● About this exercise
Please give the lines below again exactly as they stand, from the one that contains "包含b体育下载:电竞赛事的观众体验：从线上到线下的转变的词条" up to and including the one that contains "Страница 55", leaving all pictures out.

● Data excerpts
'''
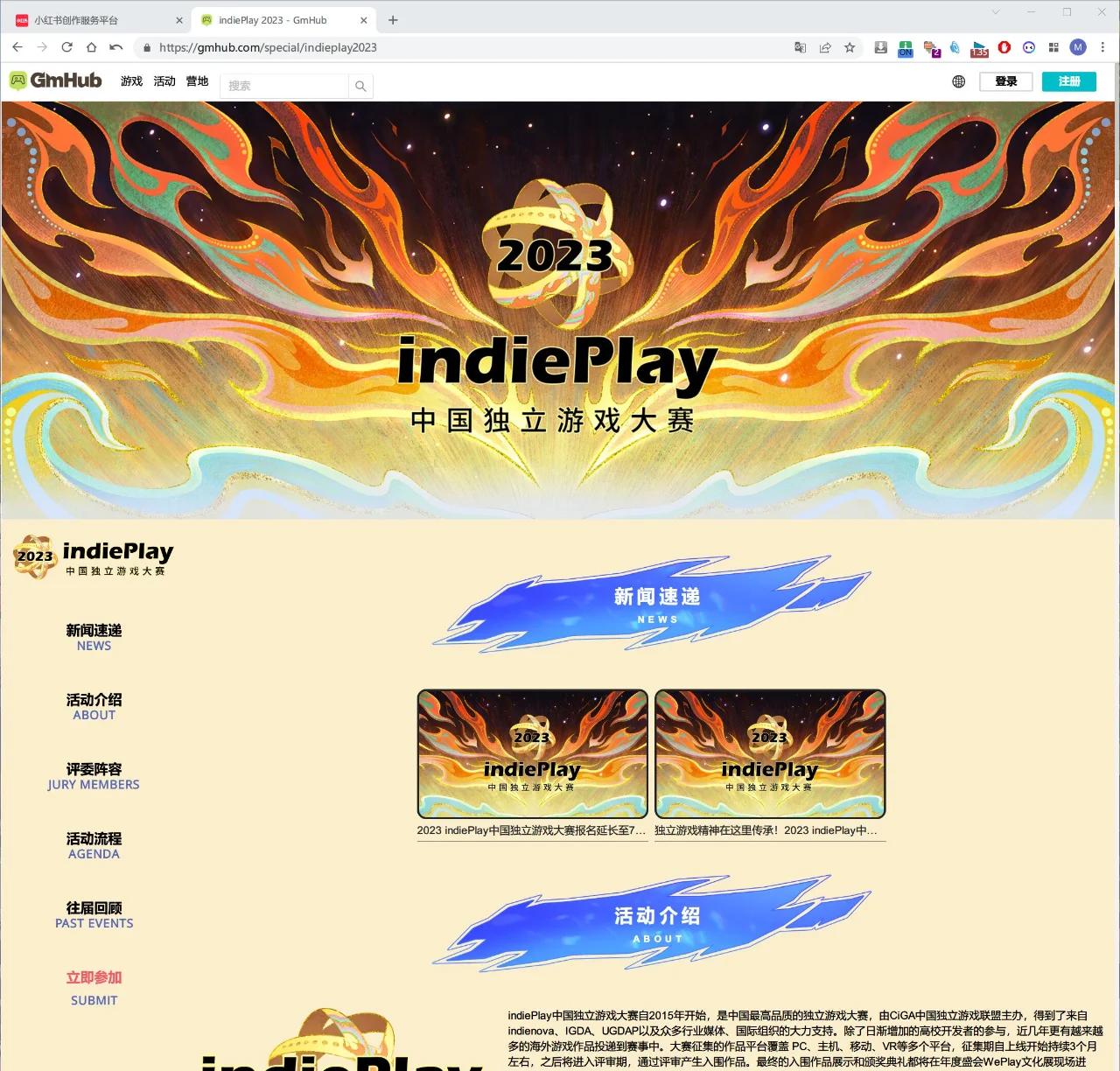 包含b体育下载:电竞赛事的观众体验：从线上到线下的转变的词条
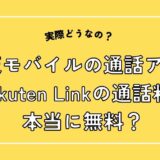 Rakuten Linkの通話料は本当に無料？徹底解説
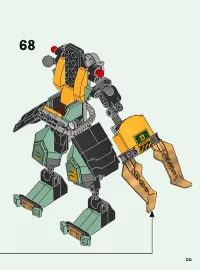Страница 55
'''
'''
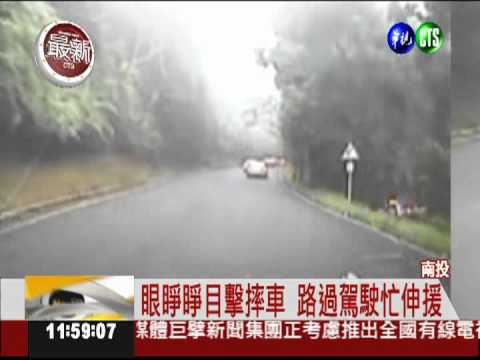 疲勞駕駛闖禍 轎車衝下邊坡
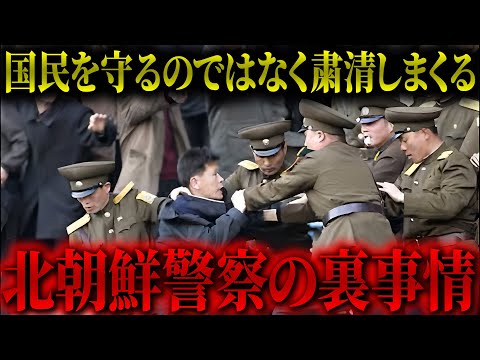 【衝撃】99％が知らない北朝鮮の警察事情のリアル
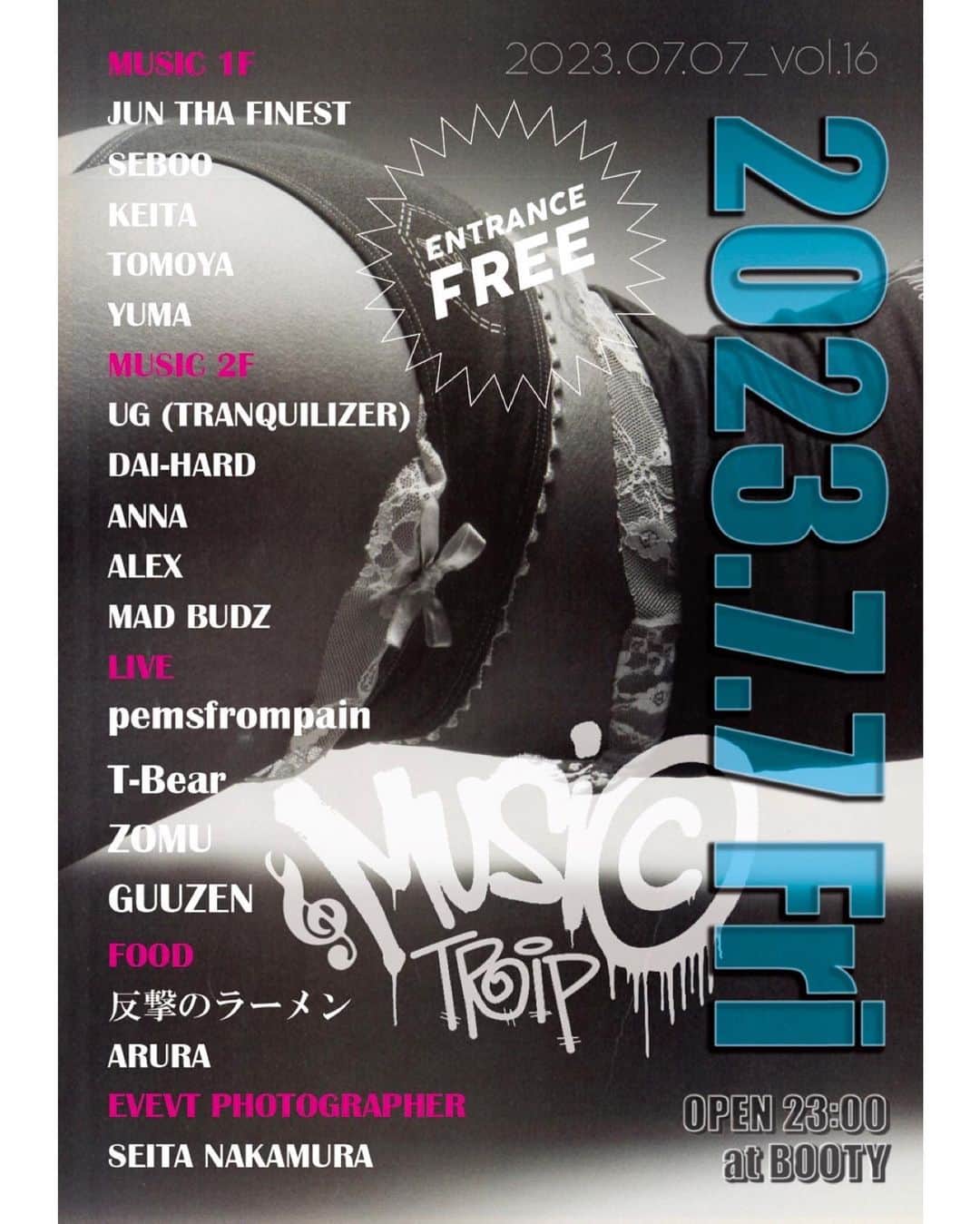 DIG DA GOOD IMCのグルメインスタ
'''
● Written response
 包含b体育下载:电竞赛事的观众体验：从线上到线下的转变的词条
 Rakuten Linkの通話料は本当に無料？徹底解説
Страница 55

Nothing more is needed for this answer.